2. Con atto notificato il 7 settembre 2020, A. s.r.l. semplificata, premessa la propria legittimazione, quale società cessionaria dell’azienda, all’impugnazione della sentenza, ai sensi dell’art. 111, quarto comma c.p.c., ha proposto ricorso per cassazione con un motivo sostanzialmente unico. Essa ha documentato di essere succeduta a titolo particolare nel diritto controverso, quale avente causa, per effetto del trasferimento con atto del 30 marzo 2017, dalla società appellata, datrice del lavoratore e dichiarata fallita dal Tribunale di Ascoli Piceno con sentenza dell’11 novembre 2019 nelle more del giudizio di appello, introdotto con ricorso depositato il 12 settembre 2019 e proseguito fino alla sua definizione, senza interruzione né riassunzione nei confronti del fallimento.
Al ricorso ha resistito il lavoratore con controricorso, mentre il fallimento della società cedente, ritualmente intimato, non ha svolto difese.
3. Il P.G. ha rassegnato conclusioni scritte, a norma dell’art. 23, comma 8bis d.l. 137/20 inserito da l. conv. 176/20, nel senso dell’inammissibilità del ricorso.
4. Entrambe le parti hanno comunicato memoria ai sensi dell’art. 378 c.p.c.
5. La causa, già fissata per una precedente pubblica udienza, è stata rinviata all’odierna per indisponibilità del relatore, con reiterazione della memoria finale da entrambe le parti.
Ragioni della decisione
1. Con unico motivo, la ricorrente deduce la nullità della sentenza per violazione degli artt. 43, terzo comma l. fall., 301, 304 c.p.c., per la preclusione di ogni attività processuale dopo la dichiarazione di fallimento della società appellata, in difetto di interruzione ope legis del giudizio.
2. Esso è inammissibile.
3. In via di premessa, è indubbia la legittimazione del successore a titolo particolare nel diritto controverso ad impugnare la sentenza resa nei confronti del proprio dante causa, allegando il titolo che gli consenta di sostituire quest’ultimo, essendo a tal fine sufficiente la specifica indicazione dell’atto nell’intestazione dell’impugnazione, qualora il titolo sia di natura pubblica e quindi di contenuto accertabile, incontestato o non idoneamente contestato dalla controparte (Cass. 11 aprile 2017, n. 9250; Cass. 15 maggio 2020, n. 8975): come appunto nel caso di specie, per la documentata successione della ricorrente nel diritto controverso, siccome cessionaria dell’azienda della società appellata, datrice del lavoratore appellante, per atto di trasferimento del 30 marzo 2017 (Cass. 3 maggio 2010, n. 10653; Cass. 26 agosto 2014, n. 18258), specificamente indicato nell’intestazione del ricorso per cassazione ed allegato sub 3 ad esso.

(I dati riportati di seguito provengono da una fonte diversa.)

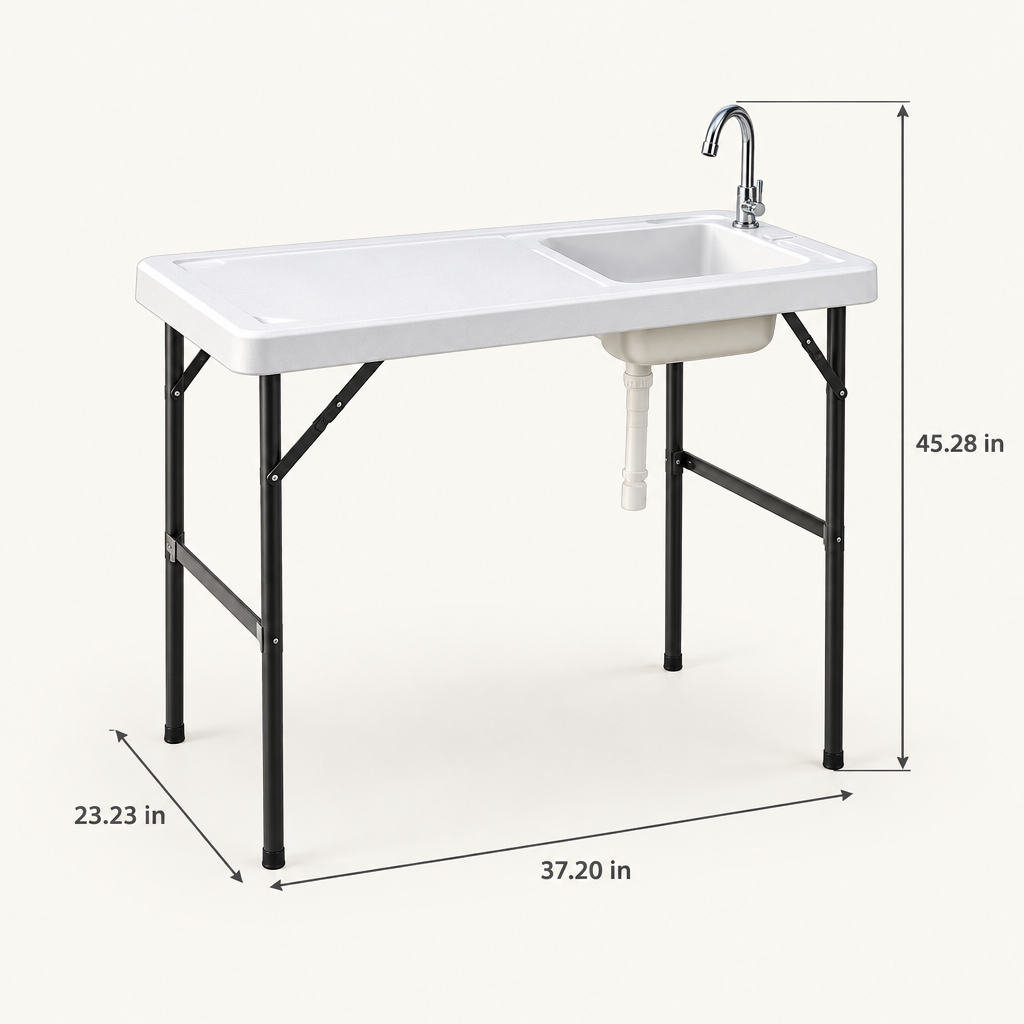 Folding Fish Cleaning Table with Sink and Faucet, Off White dimensions
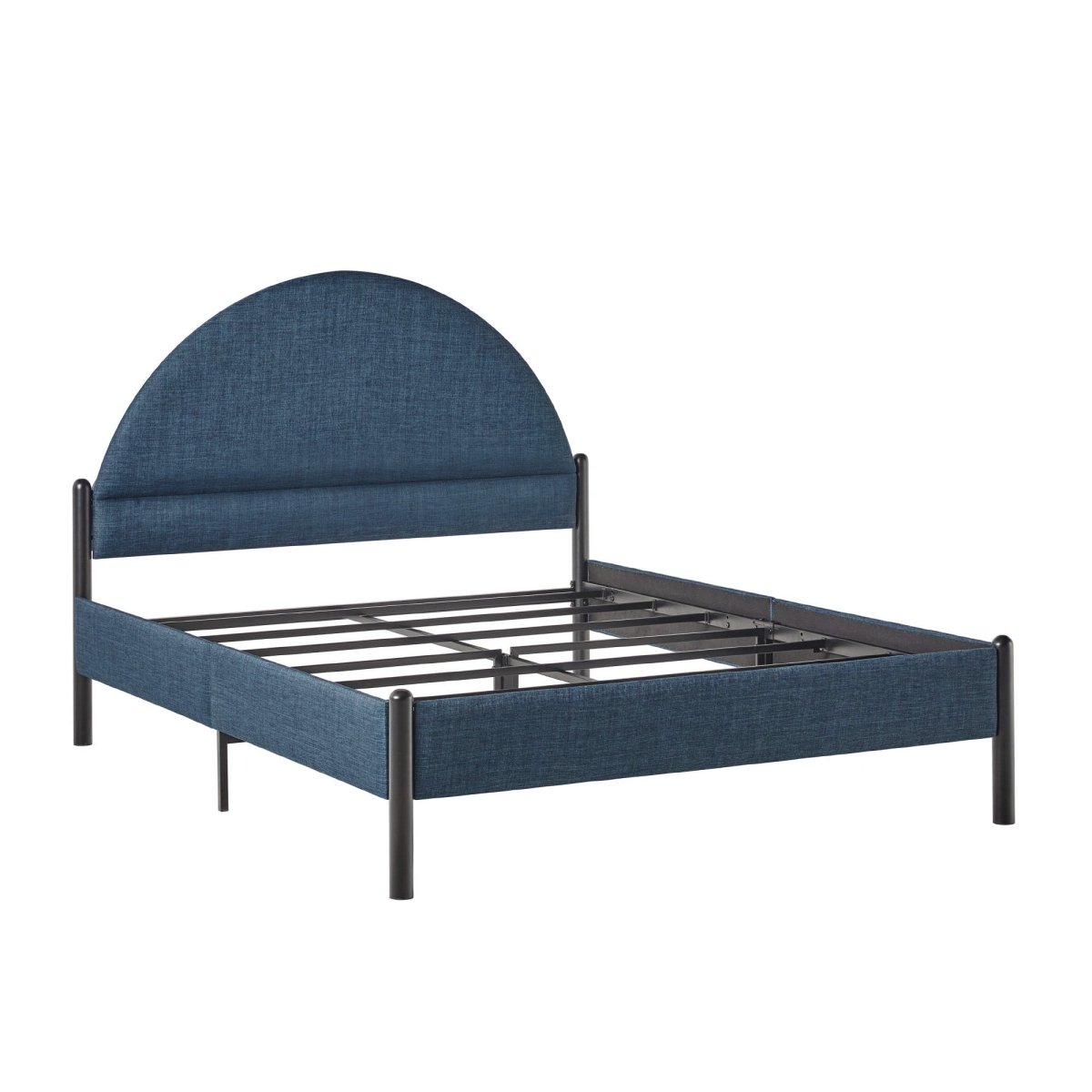 Walker Edison Gastonia Queen Metal and Upholstered Bed with Arched Headboard - lily & onyx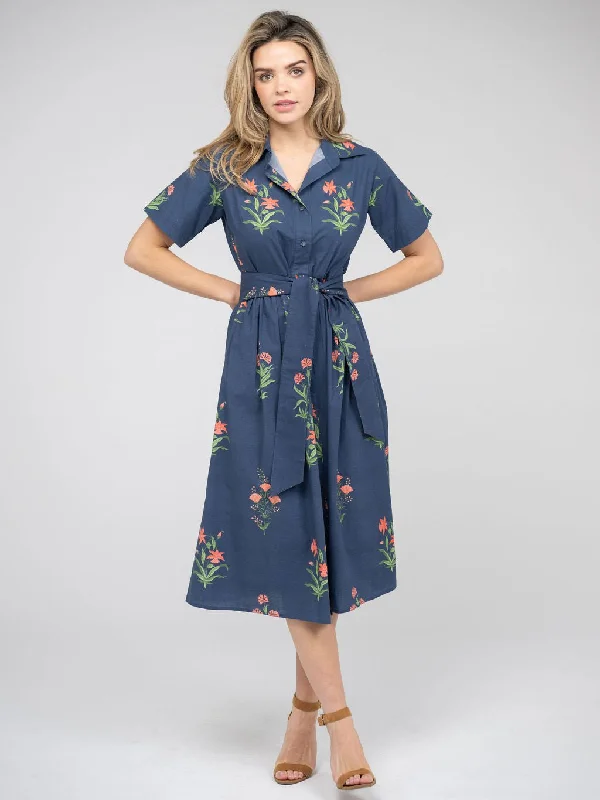 Unbeatable Deals The Elle Midi Dress | Navy Jaipur Floral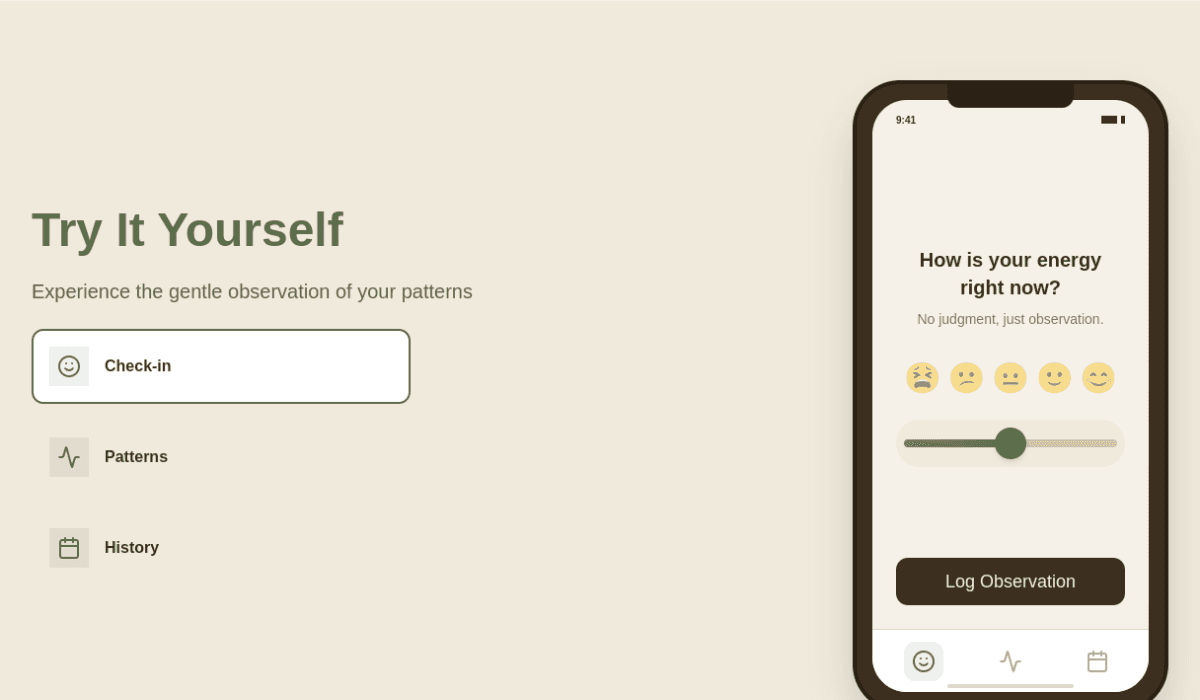Patterns 每日能量記錄互動介面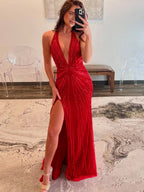 Amabel red front view prom dress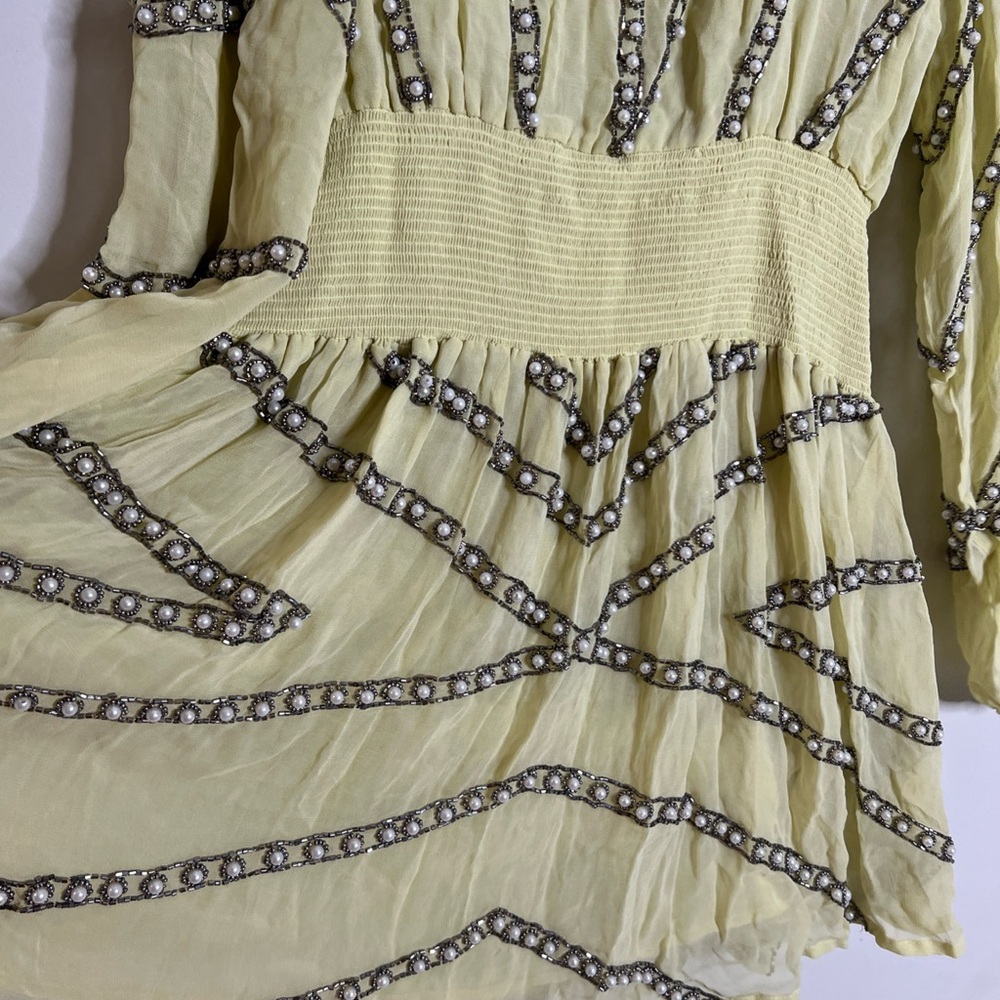 Free People Jen's Pirate Booty Odyssey Pearl Studded Embellished Mini Dress - Picture 8 of 9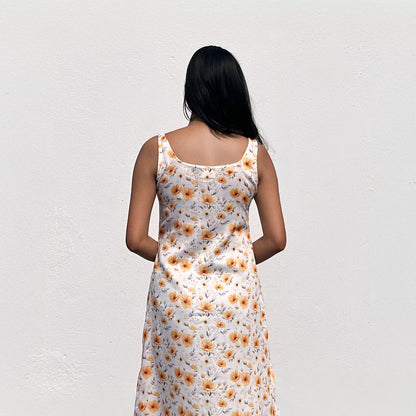 Yellow Button Down Midi Dress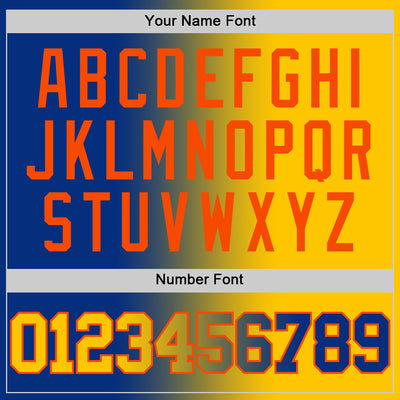 Custom Royal Yellow-Orange Authentic Gradient Fashion Basketball Jersey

4. È noto che, in caso di apertura del fallimento, l’interruzione del processo sia automatica ai sensi dell’art. 43, terzo comma l. fall., ma che il termine per la relativa riassunzione o prosecuzione – per evitare gli effetti di estinzione stabiliti dall’art. 305 c.p.c. e al di fuori delle ipotesi di improcedibilità ai sensi degli artt. 52 e 93 l. fall. per le domande di credito – decorra dal momento in cui la dichiarazione giudiziale dell’interruzione stessa sia portata a conoscenza di ciascuna parte. E che tale dichiarazione, qualora non sia già conosciuta in ragione della sua pronuncia in udienza ai sensi dell’art. 176, secondo comma c.p.c., debba essere notificata alle parti o al curatore da uno degli interessati o comunque comunicata dall’ufficio giudiziario (Cass. s.u. 7 maggio 2021, n. 12154, in particolare, in motivazione sub p.ti da 35 a 37; Cass. 30 maggio 2023, n. 15227).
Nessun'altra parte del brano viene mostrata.